I built CAMAudit to make the yearly review fast enough to sell as a retainer. I tested reconciliation samples through CAMAudit across many lease types. Once the lease is loaded, the re-audit takes 15 to 20 minutes of advisor time per site. That is far cheaper than redoing the job at full rates.
This guide covers four things. Why re-audits matter. How to price them. How to pitch them when you close the first job. And what the multi-year revenue looks like.
Annual re-audit retainer: A recurring deal where the partner firm checks the tenant's new CAM reconciliation each year. It runs the same detection rules as the first job and reports findings within a set turnaround. The retainer costs less than the first job because the lease is already loaded and the work is much faster. Retainers bring steady income and keep the client inside the audit-rights window every year.
Why annual re-audits matter
A fixed bill in year one does not promise a fixed bill in year two. This surprises some clients and even some partners. They think the landlord fixes the formula after one audit and the issue is gone.
Three reasons re-audits matter.
Landlords send a new bill each year. Each reconciliation covers a new period. The landlord may use the same manager and the same billing system that caused the last overcharge. System errors tend to repeat. A re-audit checks that the error did not come back.
New errors can show up after a clean year. A new staffer, a system switch, or a sale can spark a fresh error. A client can run clean for two years and then get hit in year three.
The audit-rights window resets each year. Every new reconciliation starts a fresh clock for that year. Say the client skips year three because year one was fine. Then they lose the right to claw back year three for good. A re-audit catches each year while its window is open.
How to price the retainer
A re-audit retainer costs less than the first job. The work changes a lot once the lease is loaded.
Per-site retainer rates:
| Engagement type | Typical rate range | Advisor time per location |
|---|---|---|
| New engagement | $450-$750 | 60-90 minutes |
| Annual re-audit retainer | $200-$400 | 15-20 minutes |
| Multi-year initial catch-up | $350-$600/year | 45-60 minutes first year per year |
The $200 to $400 per-site rate fits the faster work. The platform already holds the lease terms. The advisor just checks new data against a known baseline. Run your own math first. Model the CAMAudit plan cost, staff time, client fee, and yearly volume. Advisor time often runs one-quarter to one-third of the first job.

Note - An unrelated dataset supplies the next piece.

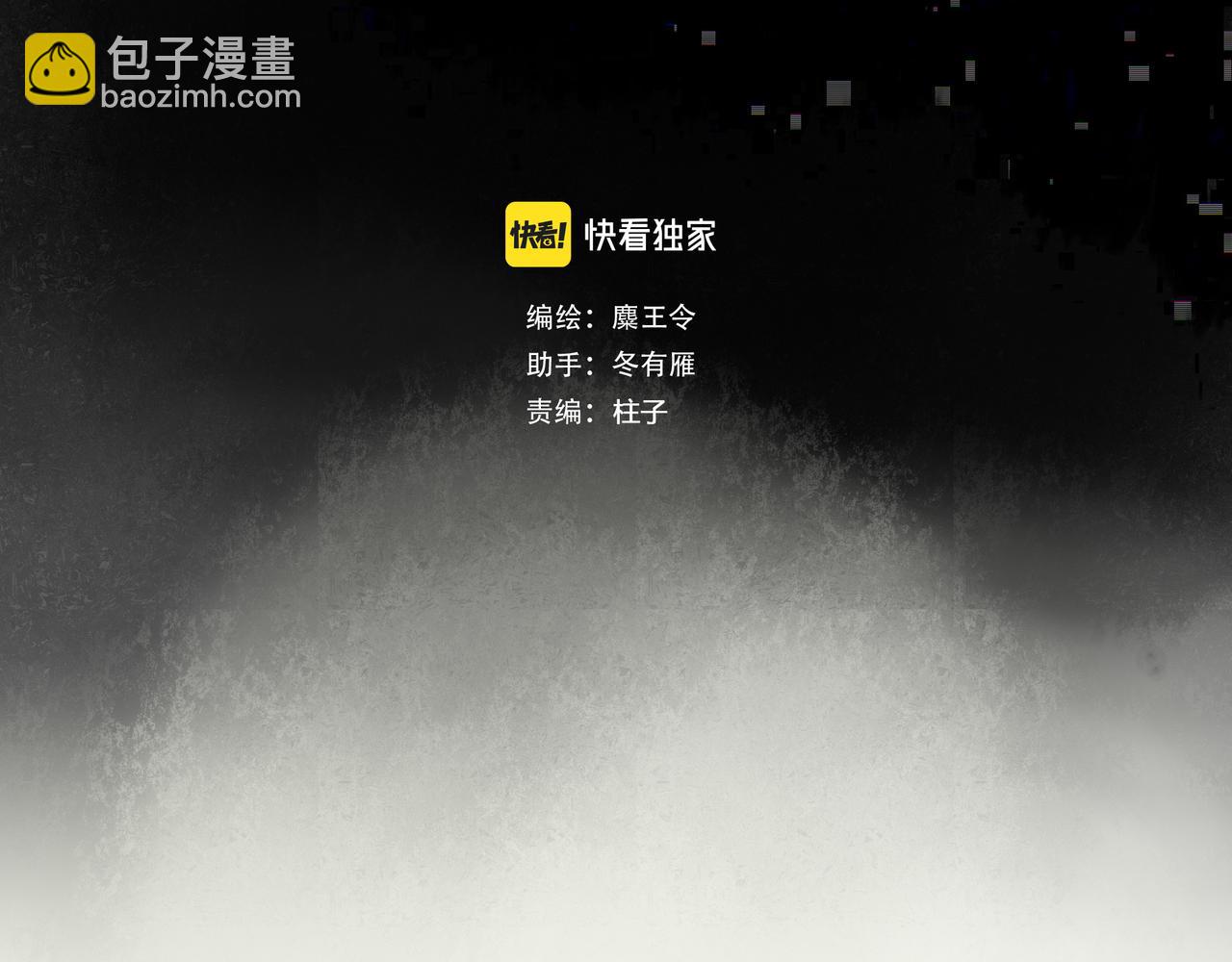 72.异类(1/2)-第74话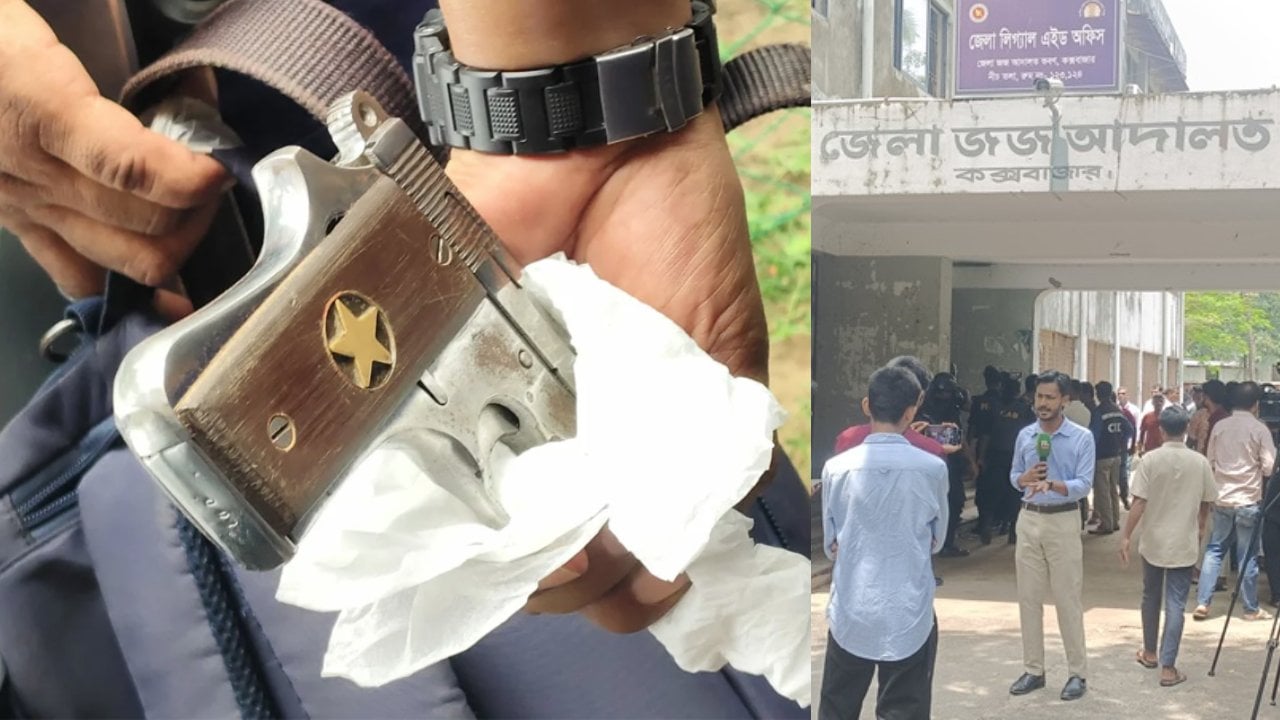 কক্সবাজার আদালত চত্বরে বিএনপি নেতাকে লক্ষ্য করে গুলি, আহত ৫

Portfolio retainers for 5 to 10 sites:
| Locations | Per-location rate | Portfolio retainer | Discount |
|---|---|---|---|
| 5 locations | $300 | $1,350/year | 10% |
| 8 locations | $275 | $2,000/year | ~9% |
| 10 locations | $250 | $2,250/year | 10% |
Portfolio retainers make billing simpler. They also renew more often than per-site billing. Clients plan one yearly number instead of signing off on each site's invoice.
Why the first audit sets the rate
The first job does the heavy lifting. The platform pulls the lease terms from the full document set. It stores the management fee setup, the pro-rata share formula, the CAM cap, and the exclusion list. The first job also builds the client bond and shows them what findings look like.
The re-audit is faster on purpose. The advisor uploads the new reconciliation. The platform re-runs the rules against the stored lease. The output is a findings update, not a full new analysis. The management fee overcharge detection and pro-rata share error detection use the same logic as before. But the lease data is already there.
So you can offer a lower yearly rate and still earn more per hour. At 15 to 20 minutes per site and a $250 to $300 rate, your hourly take beats the first job. The client gets a real discount. You get a real margin gain.
Year 1 findings predict year 2 sign-ups
Pitch the retainer at the findings meeting. You will close more than partners who follow up later.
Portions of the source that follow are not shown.